Anglican Identity is rooted in the injunction to Timothy to “Guard the deposit (What has been entrusted to his care)” I Timothy 6:20. The apostolic faith is entrusted to Timothy who is the anointed guardian of the faith. The focus is on both and not just the deposit. One focuses on the purity and safety of the doctrinal formulation and the other on the apostolically anointed leadership that ensures it from generation to generation. The early fathers saw it that way, as did John Stott.

Anglican orthodoxy is affirmed by commitment to biblical authority and the creeds and formularies of the Church as the normative expressions of the apostolic faith. The Jerusalem Statement is a contemporary document by which orthodox, biblical and apostolic faith is reiterated.

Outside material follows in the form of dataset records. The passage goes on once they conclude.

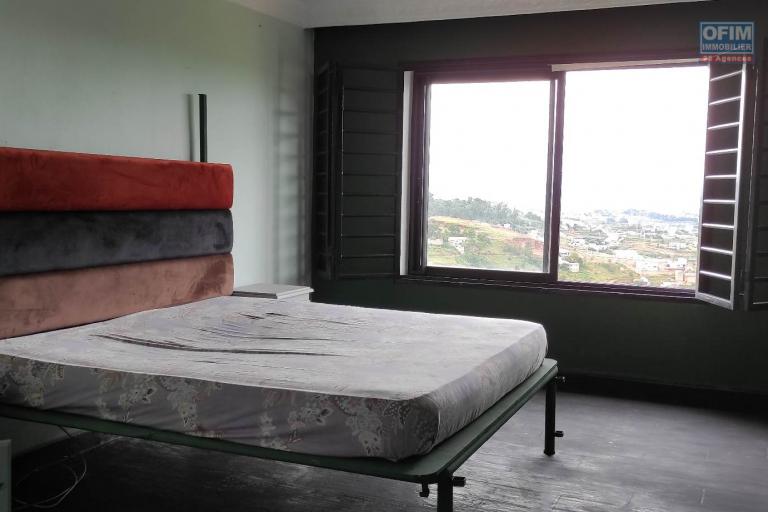 OFIM immobilier offre en location une petite villa dans une résidence sécurisée 24/24 sur Ambatobe dans le panoramique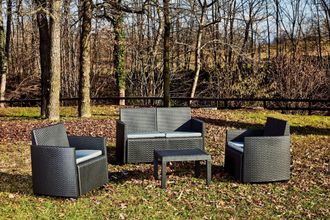 Dmora Dmora Salon Int&eacute;rieur Et Ext&eacute;rieur Compos&eacute; De : 2 Fauteuils, 1 Canap&eacute; 2 Places Et 1 Table Basse Avec 4 Coussins, Made In Italy, Coloris Anthracite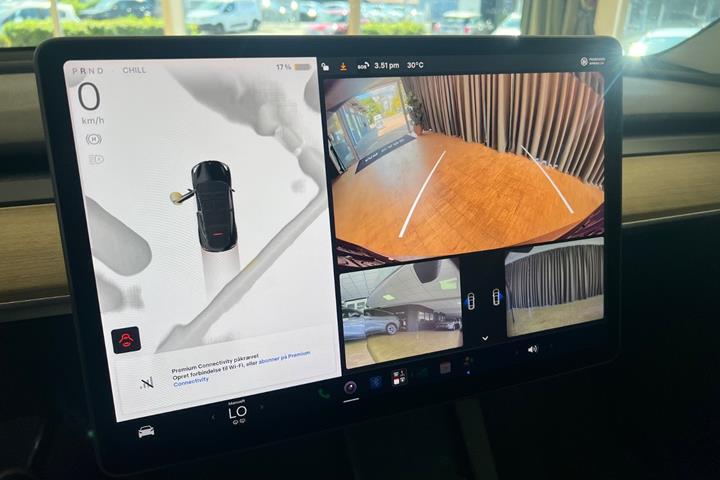 Grøn Tesla Model Y fra 2023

Anglican identity is an ecclesial and historical identity, distinct from orthodox identity. The Church’s catholicity is expressed in several historic streams, Roman. Anglican, Orthodox, Lutheran etc. Anglican identity comes from the historic stream of Anglicanism that originated with the Anglican Reformation. It can trace its history to the Apostles and its connection to the Church from its beginning. We are not free to set up our own biblical, orthodox identity without connecting it with something historically apostolic. The apostolic tradition should not be reduced to just creeds, texts and formularies. That is focusing solely on the deposit and setting aside the role of the guardians of the deposit.

If guardians clearly depart from the faith and fail to protect the deposit, they are to be rejected. The Church of England has not done that so far. Its agreed doctrines and practices are orthodox and so Canterbury still affirms Anglican identity. That may change if the Church changes its doctrine.